Task description
When you reach the line that contains "Blue No2 BIBS", begin copying exactly and continue through the last line below. Do not copy pictures.

Collected data

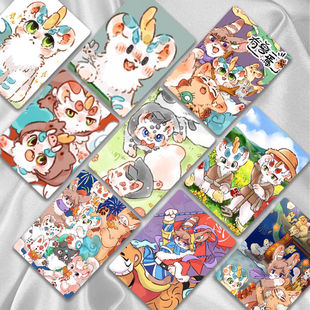 有兽焉小卡天禄四不像金银角吐宝二次元周边镭射LOMO卡学生礼物潮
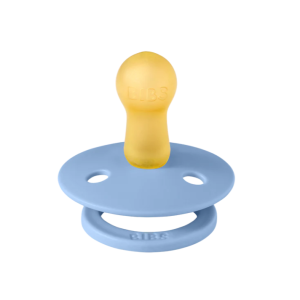 BIBS Πιπίλες Colour Round Καουτσούκ 2τμχ Sky Blue/Baby Blue No2 BIBS Πιπίλες Colour Round Καουτσούκ 2τμχ Sky Blue/Baby Blue No2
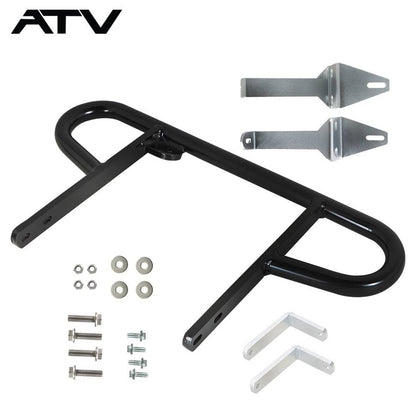 Solidspare Rear Wide Grab Bar Bumper Carrier Black For 2005 Yamaha YFZ450 199-T2-B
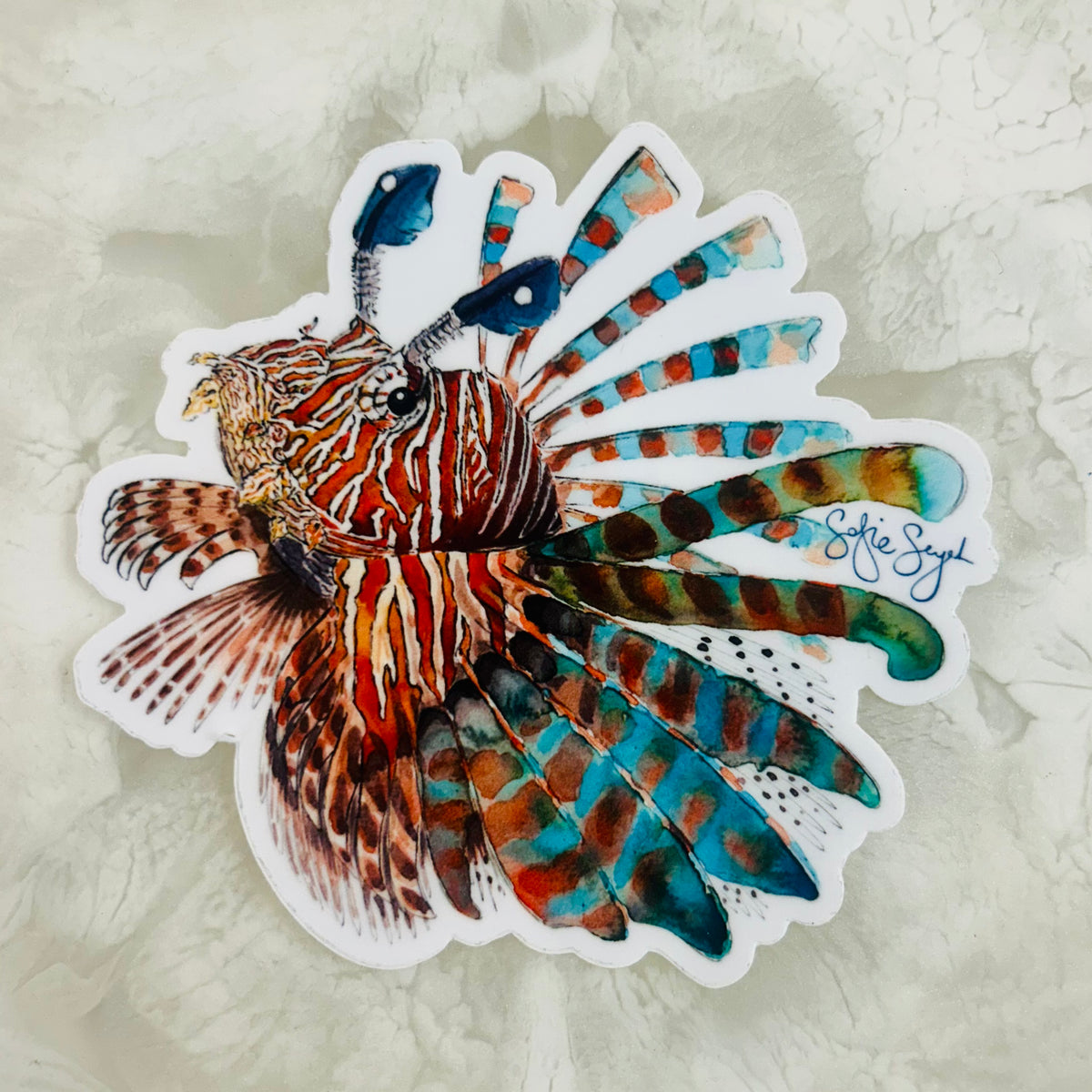 Leo Lionfish Sticker – Cafe Collective WA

Task answer
 BIBS Πιπίλες Colour Round Καουτσούκ 2τμχ Sky Blue/Baby Blue No2 BIBS Πιπίλες Colour Round Καουτσούκ 2τμχ Sky Blue/Baby Blue No2
 Solidspare Rear Wide Grab Bar Bumper Carrier Black For 2005 Yamaha YFZ450 199-T2-B
 Leo Lionfish Sticker – Cafe Collective WA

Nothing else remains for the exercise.